Report Highlights: 

FAS/Moscow forecasts Russian imports of cattle to remain relatively flat in 2015 (i.e., 100,000 head) as livestock importers continue to improve the quality of their genetics. FAS/Moscow also forecasts a slight increase in domestic beef production (to 1.4 MMT) next year given the anticipated rate of slaughter. Imports of live swine are forecast to fall off in 2015 as a result of increased domestic production and trade restrictions due to disease outbreaks in Europe and North America. Russian pork production is forecast to increase by nearly 6.5 percent in 2015 (to 2.82 MMT) which, in turn, is anticipated to lead to a nine percent decrease in imports (375,000 MT).

Executive Summary 

Cattle and Beef 

FAS/Moscow forecasts 2015 year-end cattle inventories to decrease (to 18.3 million head) as slaughter is expected to continue to increase due, in part, to Russia’s restrictions on beef imports from several countries, and as Russian dairies continue to slaughter less productive cattle. Because 2015 slaughter rates are estimated to increase by nearly one percent over the course of the year, FAS/Moscow forecasts a corresponding increase in domestic beef production in 2015 (up less than one percent to 1.4 MMT). 

FAS/Moscow forecasts Russia’s imports of cattle to decrease by approximately 10 percent in 2014 (to 100,000 head). Although livestock importers continue to remain interested in improving the quality of their genetics, many existing Russian livestock importers are still carrying debts from previous purchases. New importers supported by federal assistance, however, should help to bolster imports this year and next. 

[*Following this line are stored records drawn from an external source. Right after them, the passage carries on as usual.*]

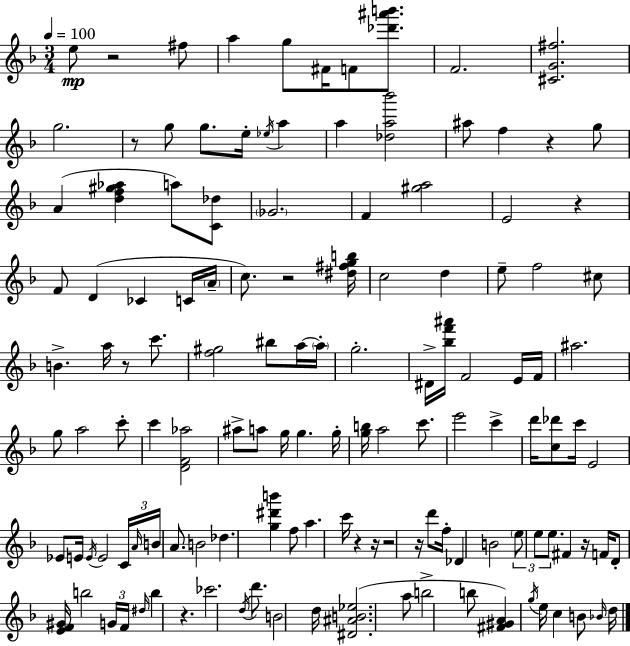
E5/e R/h F#5/e A5/q G5/e F#4/s F4/e [Db6,A#6,B6]/e. F4/h. [C#4,G4,F#5]/h. G5/h. R/e G5/e G5/e. E5/s Eb5/s A5/q A5/q [Db5,A5,Bb6]/h A#5/e F5/q R/q G5/e A4/q [D5,F5,G#5,Ab5]/q A5/e [C4,Db5]/e Gb4/h. F4/q [G#5,A5]/h E4/h R/q F4/e D4/q CES4/q C4/s A4/s C5/e. R/h [D#5,F#5,G5,B5]/s C5/h D5/q E5/e F5/h C#5/e B4/q. A5/s R/e C6/e. [F5,G#5]/h BIS5/e A5/s A5/s G5/h. D#4/s [Bb5,F6,A#6]/s F4/h E4/s F4/s A#5/h. G5/e A5/h C6/e C6/q [D4,F4,Ab5]/h A#5/e A5/e G5/s G5/q. G5/s [G5,B5]/s A5/h C6/e. E6/h C6/q D6/s [C5,Db6]/e C6/s E4/h Eb4/e E4/s E4/s E4/h C4/s A4/s B4/s A4/e. B4/h Db5/q. [G5,D#6,B6]/q F5/e A5/q. C6/s R/q R/s R/h R/s D6/e F5/s Db4/q B4/h E5/e E5/e E5/e. F#4/q R/s F4/s D4/e [E4,F4,G#4]/s B5/h G4/s F4/s D#5/s B5/q R/q. CES6/h. D5/s D6/e. B4/h D5/s [D#4,A#4,B4,Eb5]/h. A5/e B5/h B5/e [F#4,G#4,A4]/q G5/s E5/s C5/q B4/e Bb4/s D5/s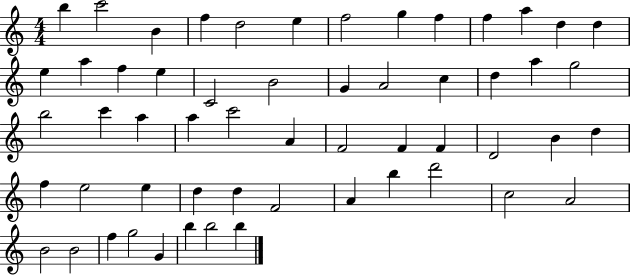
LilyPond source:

{
  \clef treble
  \numericTimeSignature
  \time 4/4
  \key c \major
  b''4 c'''2 b'4 | f''4 d''2 e''4 | f''2 g''4 f''4 | f''4 a''4 d''4 d''4 | \break e''4 a''4 f''4 e''4 | c'2 b'2 | g'4 a'2 c''4 | d''4 a''4 g''2 | \break b''2 c'''4 a''4 | a''4 c'''2 a'4 | f'2 f'4 f'4 | d'2 b'4 d''4 | \break f''4 e''2 e''4 | d''4 d''4 f'2 | a'4 b''4 d'''2 | c''2 a'2 | \break b'2 b'2 | f''4 g''2 g'4 | b''4 b''2 b''4 | \bar "|."
}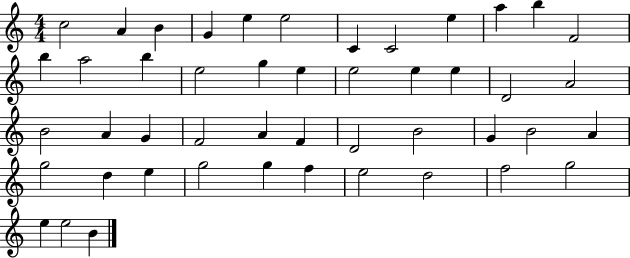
C5/h A4/q B4/q G4/q E5/q E5/h C4/q C4/h E5/q A5/q B5/q F4/h B5/q A5/h B5/q E5/h G5/q E5/q E5/h E5/q E5/q D4/h A4/h B4/h A4/q G4/q F4/h A4/q F4/q D4/h B4/h G4/q B4/h A4/q G5/h D5/q E5/q G5/h G5/q F5/q E5/h D5/h F5/h G5/h E5/q E5/h B4/q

2015 beef imports are forecast flat when compared to significantly reduced 2014 import levels (by nearly 20 percent to 825,000 MT) as Russia has banned beef imports from several traditional foreign suppliers. In addition, 2015 beef consumption is expected to remain relatively flat (15.6 kg per capita, up from 15.5) due to a small increase in anticipated domestic production.

Swine and Pork 

FAS/Moscow forecasts 2015 year-end swine inventories to grow by nearly two percent (to 19.3 million head) and domestic pork production to increase by nearly 6.5 percent (to 2.82 MMT) due to the increased availability of affordable feed, continued investment in the domestic pork industry, and ongoing production support measures. Increasing domestic pork meat production is expected to lead to consumption increases in 2015 (i.e., to 22.4 kilograms per capita from 21.5 kilograms per capita in 2014). 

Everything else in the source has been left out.